Introduction to regression modeling of longitudinal and clustered data from epidemiology and health sciences. Interpretation and familiarity with software gained by analysis of data and critiques of published analyses. Prerequisite: Either BIOST 513, BIOST 515, BIOST 518, BIOST 536, or permission of instructor. Offered: Sp.
The aims of this course are 1) to introduce the concepts of correlated data, to describe the basic structures of correlated data, and to explain how correlation arises in common study designs; 2) to contrast the behavior of correlated data with uncorrelated data and to show how the behavior of correlated data influences design and statistical analysis; 3) to show how to analyse correlated data arising from several common correlated data structures using statistical computing packages such as STATA; and 4) to introduce more advanced topics in the analysis of correlated data.
As suggested by these aims, the course seeks to develop an understanding of correlated data, including how it arises, its implications for statistical inference, and how to accommodate it in statistical analysis.

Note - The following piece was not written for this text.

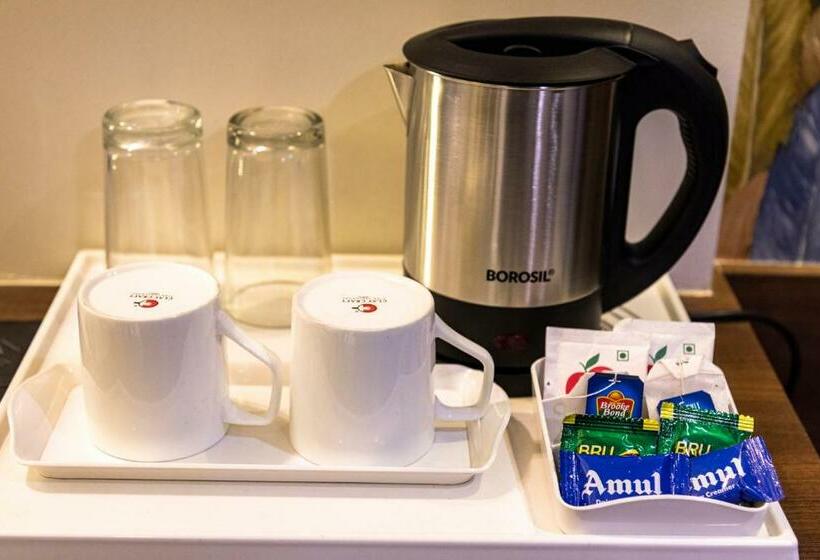 חדר דלוקס, Pratham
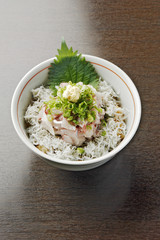 アジとしらす丼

At the end of this course, the student should: 1) be able to recognize correlated data and explain how it arises; 2) understand the impact of correlated data on design and statistical analysis; 3) know the basic structures of correlated data; 4) be able to formulate models for real-life correlated data and correctly interpret the parameters of the model; 5) be able to choose appropriate analysis methods for correlated data and explain them to a non-statistical audience; 6) know how to perform several methods of analysis of correlated data using statistical packages and be able to recognize situations that cannot be addressed by these techniques and that require expert assistance; and 7) be familiar with some of the key references on correlated data and be prepared for the study of more advanced correlated data methods.
Student learning goals
General method of instruction
Class time will consist of lectures and class discussion of assigned readings and homework problems.

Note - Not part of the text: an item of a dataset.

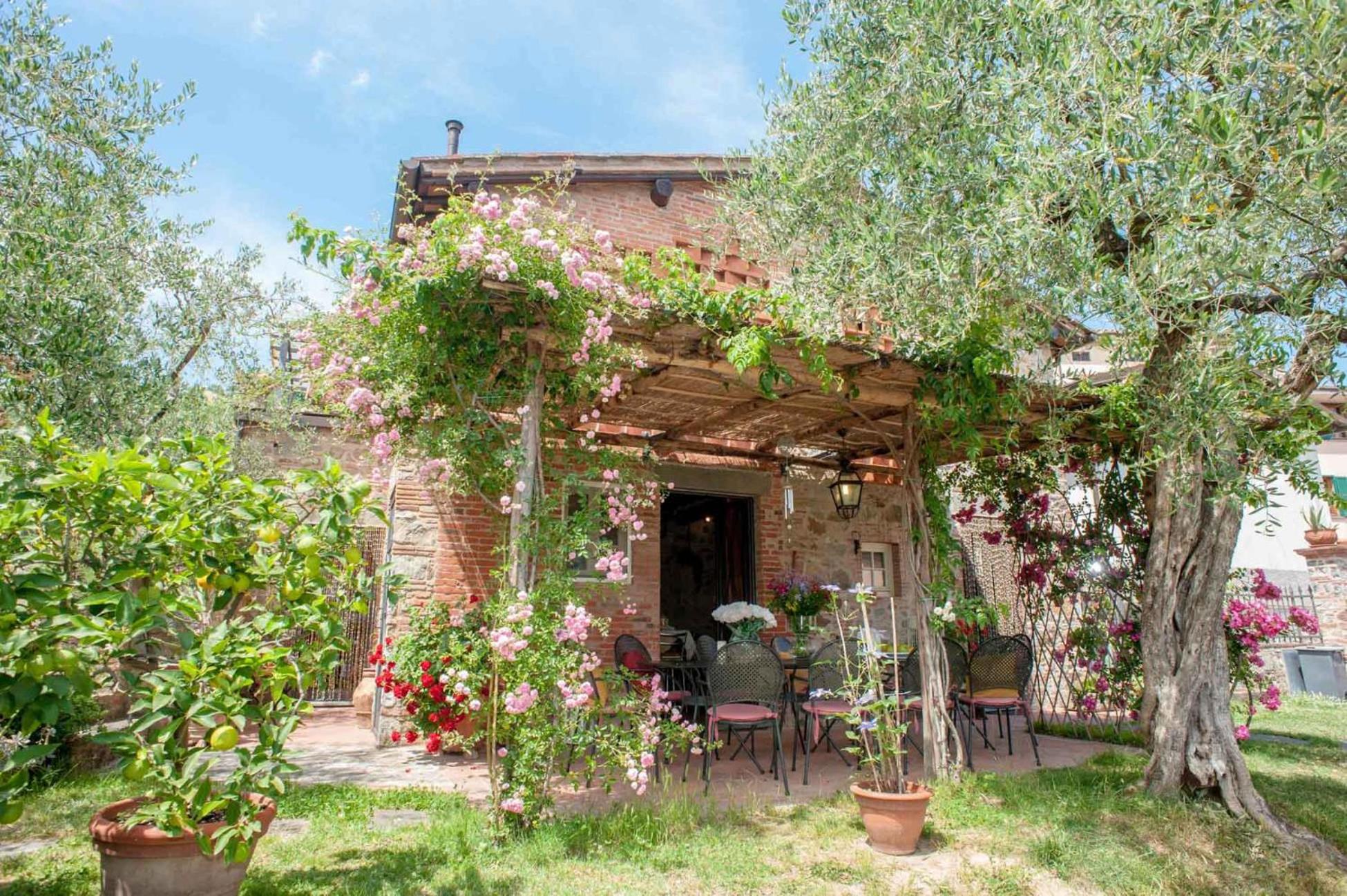 Romantic farmhouse villa Pallina to sleep 5 guests view 2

The intended audience for this course is graduate students who have had an introduction to biostatistics, and who a) understand basic probability concepts such as random variable, expectation, variance, and correlation; b) understand basic statistical concepts such as the distinction between populations and samples from a population, parameter estimates, standard error, hypothesis test, and confidence interval, and c) are able to carry out statistical analyses such as analysis of variance, linear regression, and logistic regression, and explain them to an epidemiological audience. Familiariaty with standard epidemiologic study designs and their analysis is beneficial, as is previous experience with the statistical package STATA. BIOST 512 & 513 should be adequate preparation for this course, but BIOST 517/518 or BIOST 536 are preferred.
Class assignments and grading
Homework assignments will be assigned weekly. Homework problems will include assigned readings, critiques of journal articles, data analyses, and detailed presentation and interpretation of results. Some assignments will require the use of the statistical package STATA (available in the Health Sciences Library computing lab), and other assignments can be done using a package of the student's choice (SAS and Splus are recommended in addition to STATA).
In addition to homework assignments, there will be two exams: an in-class mid-term exam on May 8, and a final exam on June 13. The exams will include questions that test knowledge of definitions and concepts covered in the notes, understanding of these concepts, knowledge of appropriate methods of analysis in a given situation, and ability to correctly interpret results of a data analysis based on computer output. The final course grades will be based on the following components: Homework Assignments (40%), Mid-Term Exam (30%), Final Exam (30%).